Elyssium (Fantasy Fiction)

2.2K 223 4
                                    

Aku punya alasan untuk tidak ribut dengan suamiku.

Bukan karena hubungan kami yang sempurna atau cinta kami yang begitu indah.

Tidak ada cinta di antara kami.

Kami terpaksa menikah karena ketololan. Mabuk lalu hamil. Aku tidak mengenalnya. Tapi libido memaksaku membuka kakiku hingga sekarang kami harus menjalani sebuah keterlanjuran.

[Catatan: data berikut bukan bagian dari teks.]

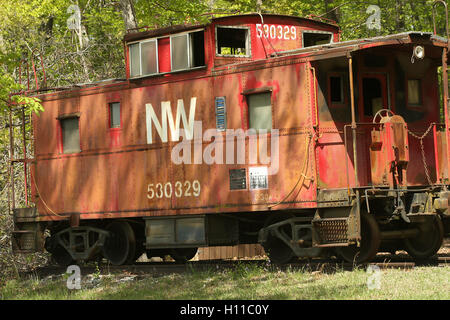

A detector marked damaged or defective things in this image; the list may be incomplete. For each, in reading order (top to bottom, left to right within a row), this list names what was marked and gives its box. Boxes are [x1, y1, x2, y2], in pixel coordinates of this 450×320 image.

Setiap kami ribut, suamiku selalu meninggalkanku sendiri. Dia pergi entah ke mana. Sementara aku menangis sesenggukan. Hingga "dia" datang.

Dia yang bukan suamiku.

Dia yang ketampanannya begitu memabukan.

Dia yang selalu muncul begitu saja.

Dia yang mencium luka di hatiku dengan sangat lembut.

Dia yang membuatku takut.

"Claire."

itu suaranya yang memanggilku. Merdu, dalam dan menenangkan. Suara terbaik yang pernah kudengar seumur hidupku.

Aku menelan ludah.

Suara itu begitu tenang dan berwibawa, sangat sesuai dengan pakaian mewah yang dikenakannya. Tubuhnya yang gagah berdiri di ruang tamuku. Wajahnya menyiratkan kesedihan dan simpati seperti biasa.

"Claire kesayanganku," ucapnya sambil berjalan tegap menuju tempatku duduk. Jemarinya yang dingin menyentuh pipiku.

"Arthur," ucapku sambil menatap wajahnya. Dia tersenyum. Ada gurat senyum di pipinya hingga lekukan tampan di sekitar matanya. Aku benar-benar terpesona.

"Kenapa kau tidak ingin aku datang?"

Arthur duduk di sampingku, menyisipkan lengannya di belakang punggungku. Kupikir dia merasakan detak tidak terkendali di dalam tubuhku.

"siapa bilang?"

"Claire, aku tahu semua. Bahkan ketika kau berbohong." Suaranya terdengar sedih di telingaku. Ia seperti merengek.

Aku memejamkan mata dan menelan ludah. Dia tahu apa yang kupikirkan.

"Maafkan aku, Arthur. Tapi kau memang membuatku takut."

"Aku akan mengajakmu ke tempat di mana tidak ada lagi rasa takut. Rumahku."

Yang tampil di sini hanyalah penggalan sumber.